WHAT THE EXERCISE ASKS: Write the entries out exactly, with the final line being the one containing "SOL PRO Anti-Fog".

RECORDED INFORMATION:
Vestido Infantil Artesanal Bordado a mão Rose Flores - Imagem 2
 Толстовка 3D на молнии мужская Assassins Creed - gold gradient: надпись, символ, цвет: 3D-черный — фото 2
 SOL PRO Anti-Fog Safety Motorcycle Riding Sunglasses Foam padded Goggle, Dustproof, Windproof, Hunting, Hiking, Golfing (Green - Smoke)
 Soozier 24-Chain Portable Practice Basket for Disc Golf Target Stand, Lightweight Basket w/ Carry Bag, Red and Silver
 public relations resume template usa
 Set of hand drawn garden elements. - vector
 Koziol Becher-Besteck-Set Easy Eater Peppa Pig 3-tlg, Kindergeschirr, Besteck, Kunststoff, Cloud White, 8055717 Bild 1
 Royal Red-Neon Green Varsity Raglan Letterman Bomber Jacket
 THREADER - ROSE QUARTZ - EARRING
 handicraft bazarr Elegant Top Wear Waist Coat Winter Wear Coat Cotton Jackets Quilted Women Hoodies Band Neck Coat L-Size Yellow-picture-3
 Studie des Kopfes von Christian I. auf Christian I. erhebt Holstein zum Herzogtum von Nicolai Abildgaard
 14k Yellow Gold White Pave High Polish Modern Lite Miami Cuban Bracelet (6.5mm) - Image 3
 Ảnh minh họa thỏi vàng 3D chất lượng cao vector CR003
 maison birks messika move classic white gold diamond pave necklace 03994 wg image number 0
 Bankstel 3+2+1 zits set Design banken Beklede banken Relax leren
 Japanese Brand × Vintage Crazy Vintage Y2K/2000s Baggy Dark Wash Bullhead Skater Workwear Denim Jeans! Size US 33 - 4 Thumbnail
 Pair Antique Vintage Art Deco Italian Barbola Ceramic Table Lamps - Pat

SOLUTION BELOW:
Vestido Infantil Artesanal Bordado a mão Rose Flores - Imagem 2
 Толстовка 3D на молнии мужская Assassins Creed - gold gradient: надпись, символ, цвет: 3D-черный — фото 2
 SOL PRO Anti-Fog Safety Motorcycle Riding Sunglasses Foam padded Goggle, Dustproof, Windproof, Hunting, Hiking, Golfing (Green - Smoke)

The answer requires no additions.